This is certainly the longest poem I've ever written and likely seems an odd choice to post after a few days of 4-liners. In a humorous tone it speaks of the prominent role that writing holds in my life. It is certainly not the most profound of my poems or even my favorite. I have many poems with more emotion pressed into them than this one.
To be really honest, this is probably my show-off poem. A well-kept secret is how competitive writers are. We feign humility about our craft while in reality delighting in our perceived victories over lesser writers, especially our published rivals. In a way this piece is my challenge to a duel, a beckoning of my literary competition who write either trite greeting card fluff OR write such esotertic and inaccessible rambling that readers can only pretend to know what the hell the poet is saying. And after several lines, they give up and don't care what the poet is saying. The poet is still talking and doesn't realize that everyone but the editor has left the room.

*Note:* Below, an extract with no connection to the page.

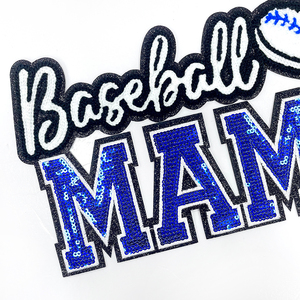 Patch à sequins Baseball <span class=keywords><strong>Mama</strong></span>, lettres <span class=keywords><strong>MAMA</strong></span> brodées en chenille bleu roi brillant, applique en forme de cœur, badges pour veste - Product Image 3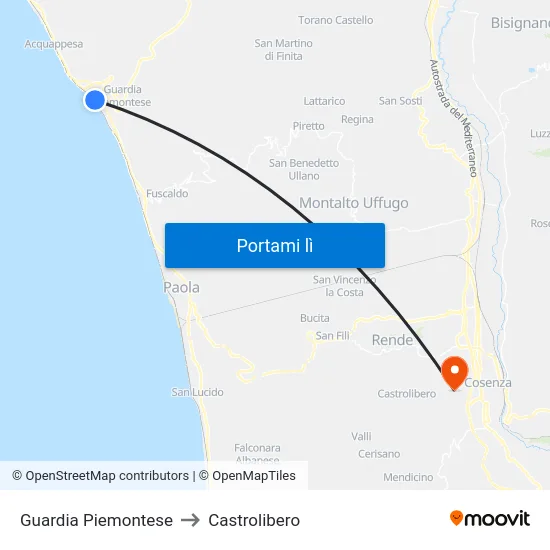 Guardia Piemontese to Castrolibero map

My mentor, Stellasue Lee, herself a Pulitzer nominee, and I agree that unfortunately most of the reading public has never read poetry that is both extraordinary and understandable. Thus they equate poetry with something of light or sappy rhyming greeting card verse OR they consider and dismiss poetry as inaccessible high art for some obscure and strange tribe of intellectuals who seem to genuinely understand and enjoy Russian opera and a Latin Mass.
The assumption that viewers of the recent Inaguaration made is that Elizabeth Alexander must be one of America's best poets to have been invited to write and recite an original poem for such a historic occasion. Worse, viewers are inclined to rate the poem itself as "great" because of its context. Surely, we'd only have the best of the best read an original poem at an Inauguaration, right? Afer all, only four of 44 Inaugurations have had such a recitation. So the assumptive leap is...that must have been great poetry. We didn't understand most of it, but it sounded pretty, and it's the Inauguration, so it MUST be really good. Right?

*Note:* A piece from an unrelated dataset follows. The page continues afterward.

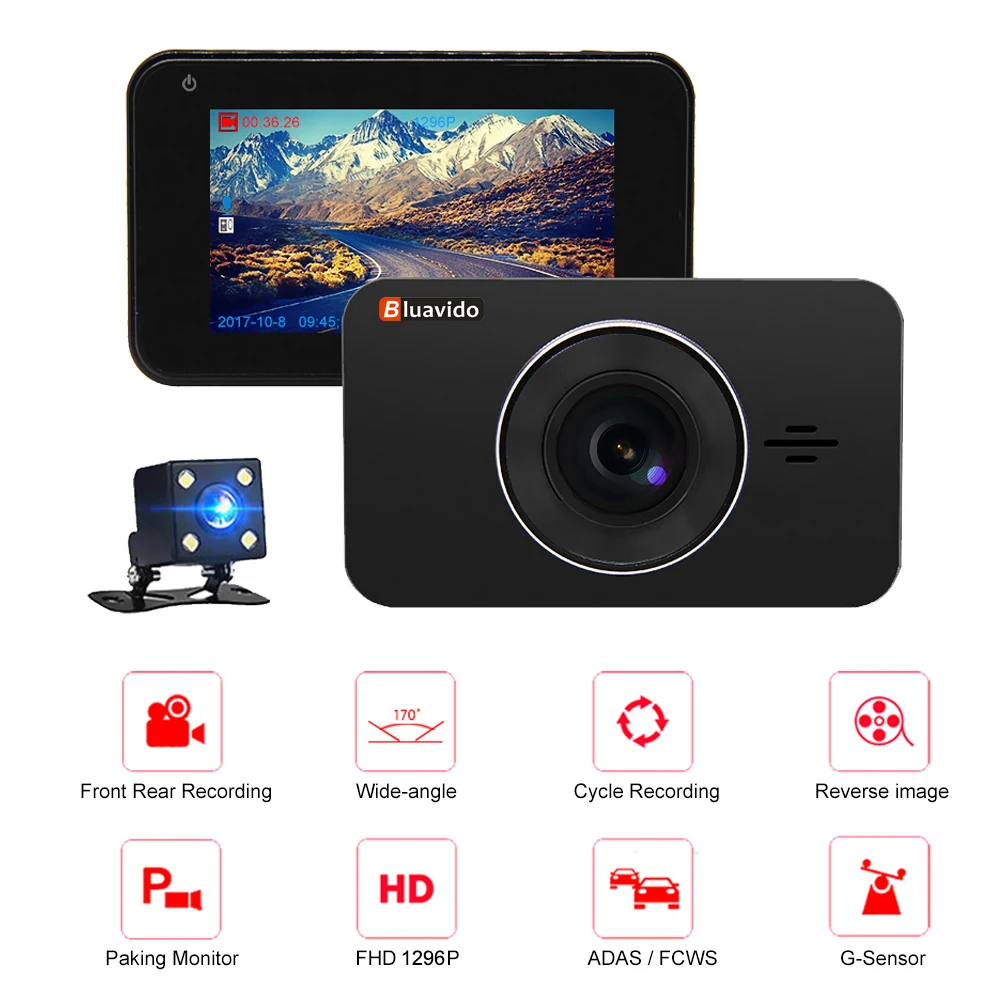 Bluavido 3 дюймовый видеорегистратор с двумя камерами FHD 1080P Автомобильный ADAS камера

Folks, here's the bottom line....if a poem or a poet's body of work is so dumbed down that most of it would work in a Hallmark card, it's not great poetry. If a poem or a poet's body of work can only be understood by elitists or by readers on LSD, while it may even have some elements of genius in its lines, it is not ( in my opinion ) great poetry. In my opinion great contemporary poetry makes language dance to a tune that a skilled reader can follow. It is said that "art is man's attempt to explain his humanness." If the only one who comprehends the (published) poet's "explanation" is the poet himself, he has pleasured himself rather than serving his reader. Thus great modern poetry is both artistically exceptional AND intellectually accessible. ( I am quite intentional in speaking only to the craft of contemporary poetry. I consider classic poetry and classic literature to be another beast altogether and I am most unqualified to address them as my comments would reveal more ignorance than insight. I would have you know that I am a great lover of Shakespeare and Led Zeppelin lest you think I have no appreciation for classic art.)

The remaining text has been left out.